A fusion of fuzzy clustering and neural networks-based diagnosis of breast cancer by mammography micro-calcification
Keywords:
breast cancer, fuzzy, mammography image, micro-calcification, neural networksAbstract
Detecting micro-calcifications in mammography images is a crucial step in the early diagnosis of breast cancer, and enhancing image quality through pre-processing plays a vital role. In this research, we propose a fuzzy clustering algorithm-based approach to accurately identify micro-calcifications in mammography images. To address the low quality of mammograms, pre-processing techniques were applied to improve image clarity.
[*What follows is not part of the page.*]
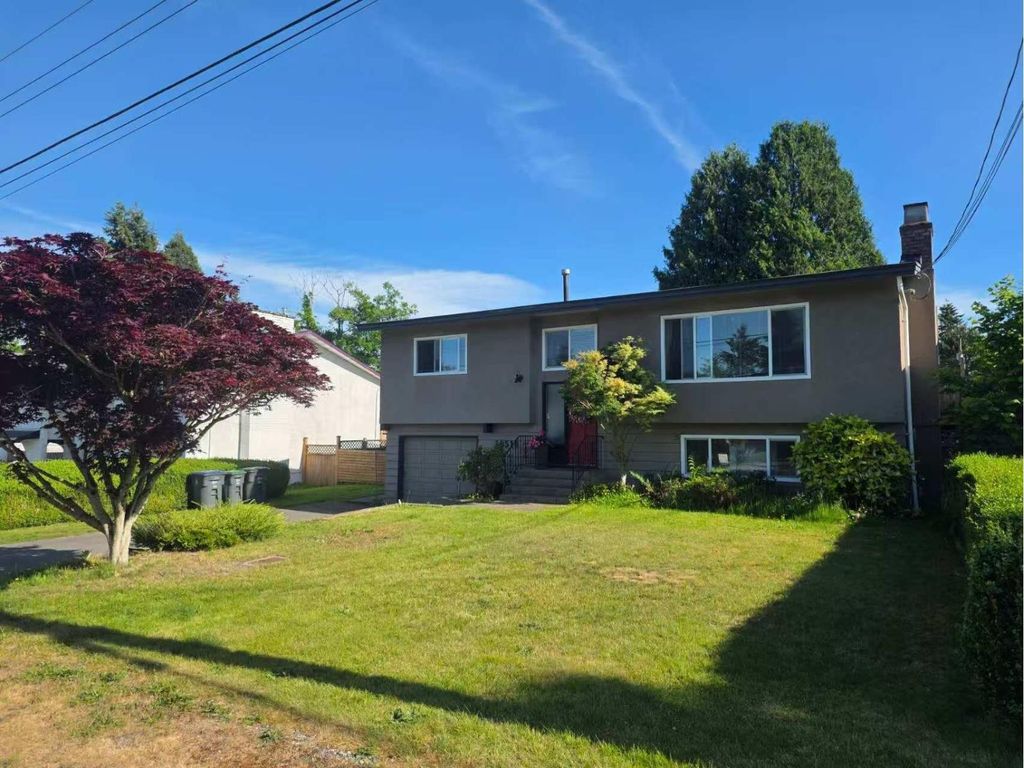 15516 17 Avenue, Surrey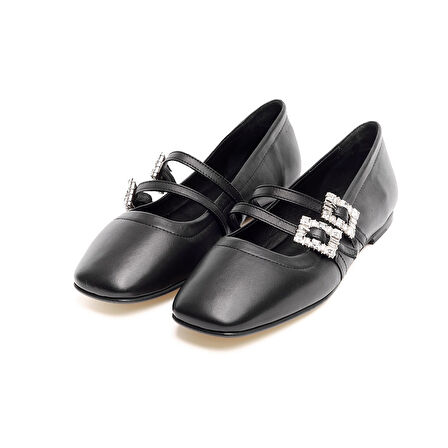 Günlük Tokalı Kadın Babet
A suitable membership function was defined to identify calcified regions using fuzzy clustering. The detected regions were then compared with those identified by specialists, achieving an improved identification accuracy of 96.7% and a sensitivity of 97.2%, compared to previous methods which had 95% accuracy and 90.5% sensitivity. In the next phase, neural networks were employed to classify the extracted regions into benign and malignant categories. Diagnostic performance was evaluated using identification accuracy, sensitivity, and positive and negative predictive values. The proposed method demonstrated positive results with an identification accuracy of 97.5%, sensitivity of 98.1%, positive predictive value of 98.3%, and negative predictive value of 96.3%. These outcomes indicate that the proposed fusion of fuzzy clustering and neural networks enhances diagnostic precision, owing to its high accuracy in region extraction and the distinctive features it identifies.